The other understood instantly. In an adventure everything sees,
everything has eyes, everything watches. The world is alive and full
of eyes. He hesitated a moment.
"Oh, that's all right," he replied. "To be easily seen is the best
way. It disarms curiosity at once. Tell all about yourself and nobody
ever thinks anything. It's trying to hide that makes the world suspect
you. Keep nothing back and show yourself is the best way to go about
unnoticed. I've tried it."
"Ah," exclaimed Tim, in an eager whisper, "same as walking into the
strawberry-bed without asking--"
"So my white clothes are just the thing," said the other, avoiding the
pit laid for him.
"Of course, yes." Tim still chased the big idea in his mind.
"Besides," he added, full of another splendid thought, "like that they
won't expect you to do very much. They'll watch _you_ instead of me."
There was confusion in the utterance, but things were rather crowding
in upon him, to tell the truth, and imagination leaped ahead upon two
trails at once. He looked at his big companion with more approval.

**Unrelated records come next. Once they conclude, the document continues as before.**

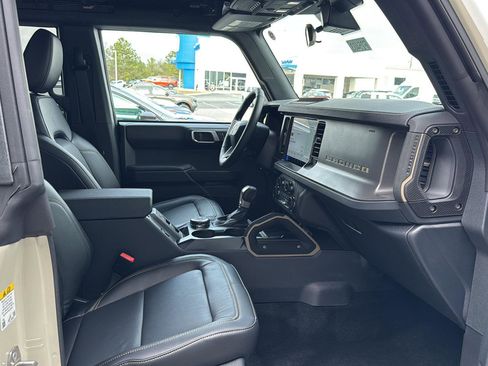 New 2025 Ford Bronco Badlands image 14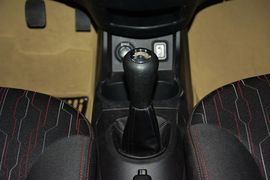 2015款长安奔奔1.4 手动尊贵型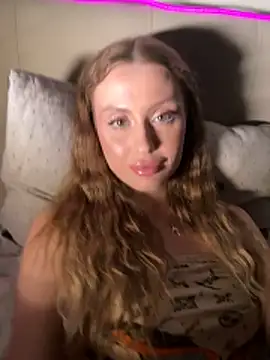 Snapshot of Sweet__Milly chatting on April 2026 06:05:02 PM Sweet Milly online show from April 2026 06:05:02 PM
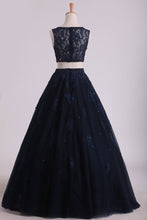 Load image into Gallery viewer, Two-Piece Scoop Floor Length Tulle Quinceanera Dresses With Beads And Applique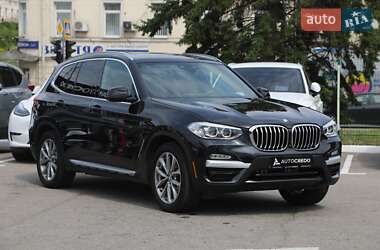 Внедорожник / Кроссовер BMW X3 2018 в 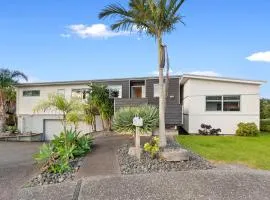 The Nautical Bach - Mangawhai Heads Holiday Home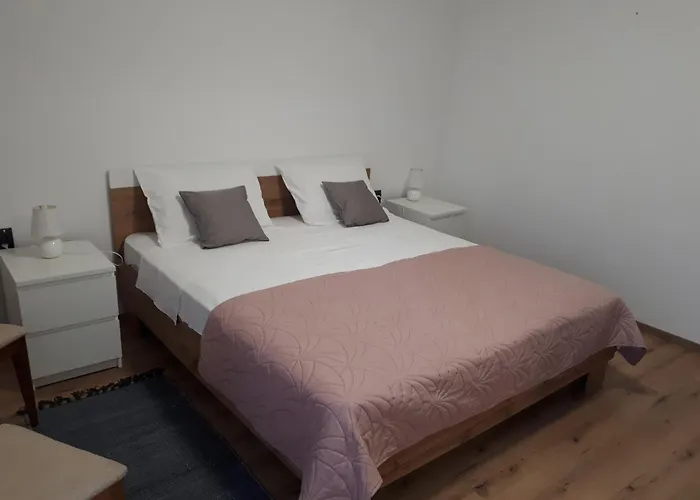 Sanda Διαμέρισμα *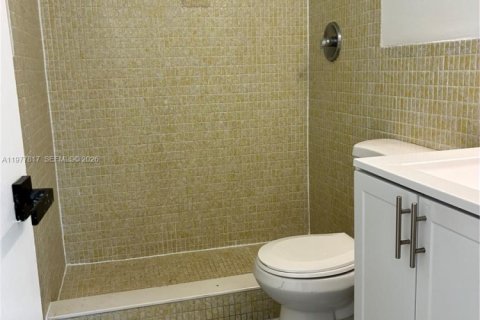 Снять в аренду виллу или дом в Норт-Майами-Бич, Флорида 3 спальни, 110.55м2, № 2042593 - фото 10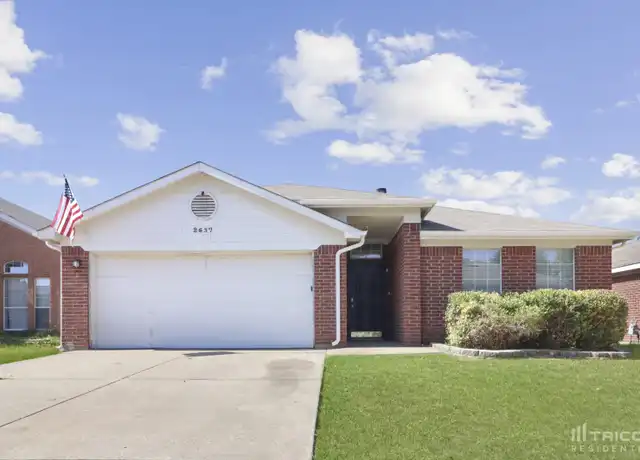 Property at 2637 Ensenada Ln, Fort Worth, TX, 76108, 4 beds, 2 baths, [object Object]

"You'll do," he signified, pulling his cap over his eyes, thrusting
both hands in his pockets, and slithering rapidly down the bannisters
in advance.
"Thanks," said Uncle Felix, following him, three steps at a time, with
effort.
In the hall they paused a moment--a question of doors.
"Back," said Uncle Felix.
"Front's better," decided the boy. "Then nobody'll think anything, you
see." He was quick to put the new principle into practice.
On the lawn there was another pause, this time a question of
direction.
"The wood, of course!" And they set off together at a steady trot. Few
words were wasted when Tim went "busting about" in this way. Uncle
Felix resigned himself and looked to him for guidance; there was some
one to be rescued; there was danger to be run; the risk was bigger
than either of them realised; but more than that he knew not.
"Got a handkerchief with you?" the boy asked presently.
"Yes, thanks; got everything," panted the other.
"For signalling," was offered three minutes later by way of
explanation, "in case we get lost--or anything like that."
"Quite so."
"Is it a clean one?"
"Yes."
"Good!"
They climbed the swinging gate of iron, rushed the orchard, crossed
the smaller hayfield in the open, heedless of the rabbits that rolled
like fat balls into pockets made to fit them, slipped out of sight
behind a stack of straw whose threatening lopsidedness seemed to
support a ladder, and so eventually came to a breathless and
perspiring halt upon the edges of a--wood.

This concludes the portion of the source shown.